One such clever idea is Embperl, written by Gerald Richter (richter@dev.ecos.de). Embperl allows you to create hybrid pages of HTML and Perl. As we have seen in several previous columns, templates allow designers and programmers to modify their respective parts of a web site without getting in each other's way. If the programmer wants to modify the logic, he or she can do so by modifying the Perl parts of a template. By the same token, designers can modify the look and feel of a page without having to ask the programmer to change a few print statements in a CGI program.

Embperl is but one of several template systems available for mod_perl. Another contender for this role is ePerl, about which I have read quite a bit, but haven't yet had a chance to try. Another solution, which uses Perl but doesn't depend on mod_perl or Apache, is Text::Template, a module I have used in previous columns when discussing templates. Finally, PHP is an embedded scripting language that resembles C and Perl in many ways, and is designed to be interspersed with HTML inside of documents. To find more information about all of these, including URLs, see Resources.

How does Embperl work?

Before we can use Embperl, it's important to understand how HTTP requests and responses are formed, and how a web server performs its job. When you click on a web page link, your browser connects to the host name in the URL and sends a short request to the server. The request consists of a verb (typically GET or POST), the name of the document being requested, and the version of HTTP that the browser supports. For example, to request the root document from a web server, a browser will typically send

GET / HTTP/1.0

to the server. It is the server's responsibility to handle the request, responding with an error message or a document. Depending on which version of HTTP the browser is running, the server might return multiple documents in the same response, demand some sort of user authentication before continuing, or redirect the user's browser to a different URL.

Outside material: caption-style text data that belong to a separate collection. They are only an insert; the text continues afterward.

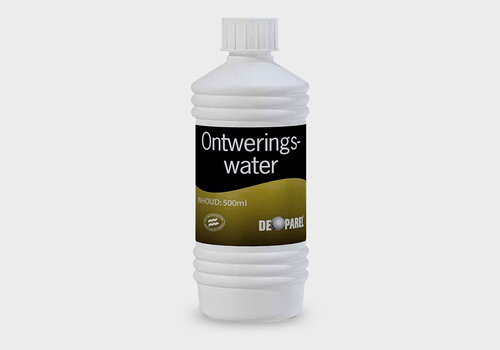 Oxaalzuur / ontweringswater van HOUTvakman.be - Ideaal voor (oxide & water) vlekken in (eiken)hout & om vergrijsd hout weer in originele staat te krijgen! 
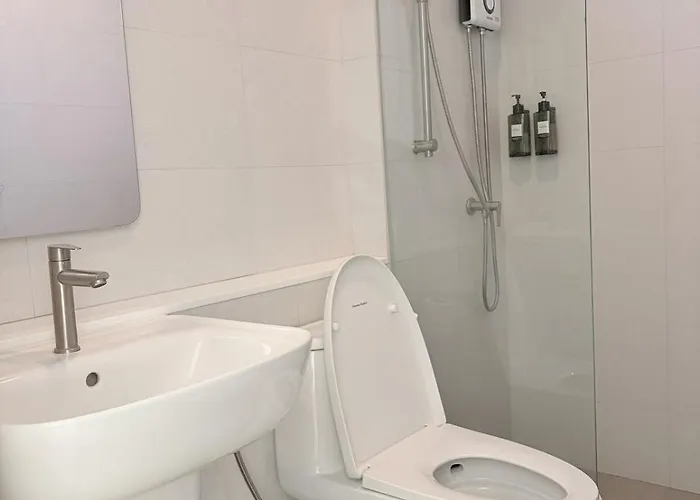 2 Bed & 2 Bath Suite, 5th Floor Apartment *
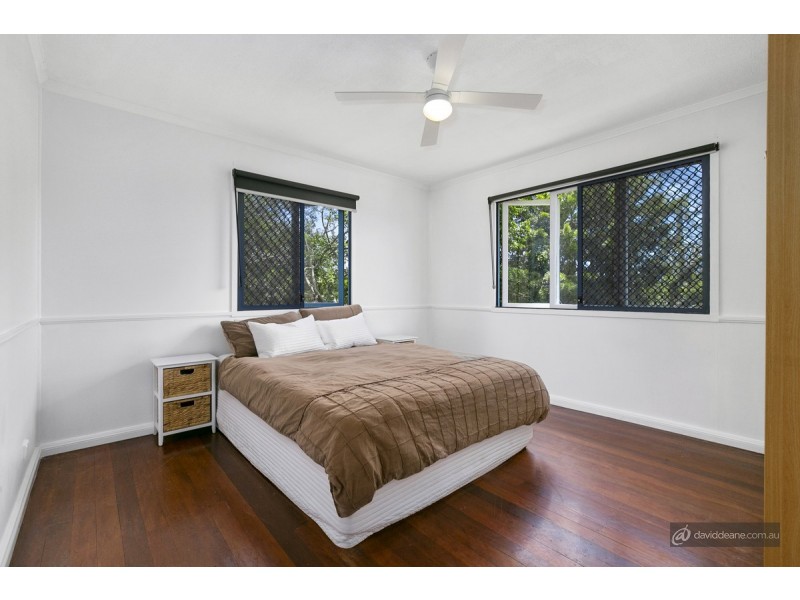 39 Joora Avenue, Petrie QLD 4502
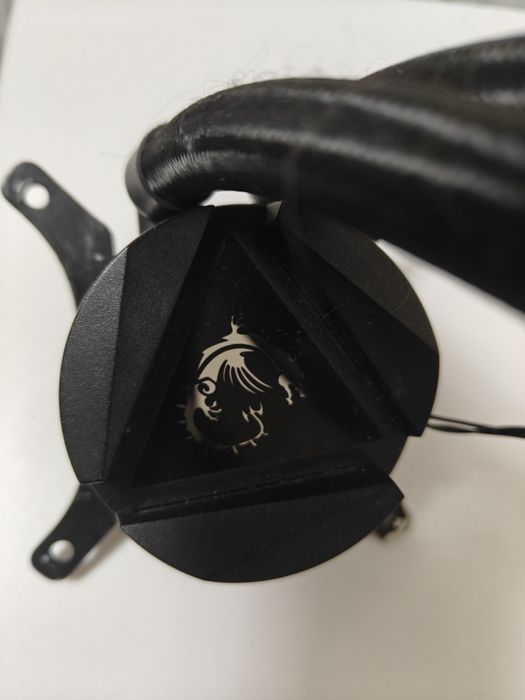 Продам водянку Msi coreliquid 240r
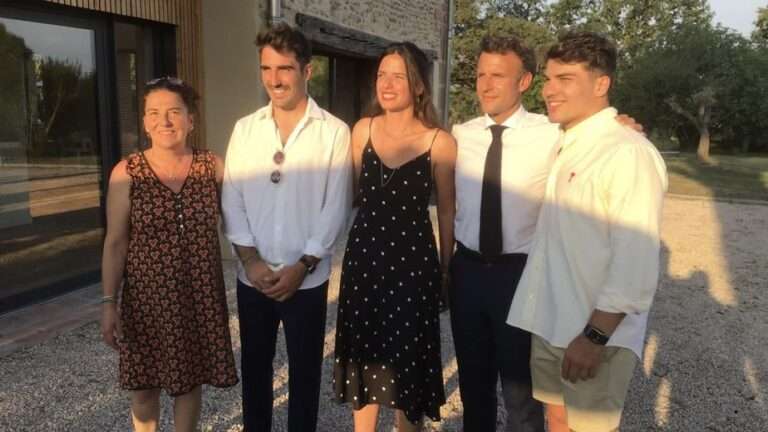 Antoine Dupont Parents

In many cases, though, the server will not return a document at all. Instead, it will run a program, returning the program's output, rather than its contents. This is how CGI programs work: the server is configured such that all files in a certain directory are treated as programs, rather than documents to be retrieved verbatim. (Indeed, security concerns arise when users can retrieve programs' contents, rather than seeing their output.) As far as the browser is concerned, it requested a document and received one in response. The magic happens on the server side, where the program is executed and produces its output.

A price is paid for CGI programs, above and beyond their execution times: because web servers fork a separate process for each CGI program, and Perl (and other popular scripting languages) can have a long start-up time, it often takes longer for the program to get started than for it to actually run.

For this reason, each web server has developed its own native API that allows programs to bind more closely to the server's internal code than would be possible with CGI. Netscape's NSAPI and Microsoft's ISAPI are two examples of such proprietary systems, and Apache's mod_perl is an example of how similar functionality can be given to Perl programmers. With mod_perl installed in your server, operations speed up tremendously, because the server compiles the program once, rather than each time it is run. In addition, because the program never requires creating a separate process, the overhead associated with executing such programs is relatively low.

Mod_perl is perhaps best known for allowing programmers to write very fast CGI-like programs. However, since Apache's internals are available via mod_perl, it is possible to write Perl programs that change one or more steps in Apache's processing of outgoing documents. These can range from the mundane to the fancy; in Embperl's case, we are setting a special PerlHandler for particular documents. In the Apache world, a “handler” is a program that does something special with the files in a directory before returning them to the HTTP client. You can think of a handler as a middleman between Apache and the file; the handler grabs the file and modifies it as necessary, handing the finished product to Apache. Apache then takes this finished product and returns it to the user's browser in the HTTP response.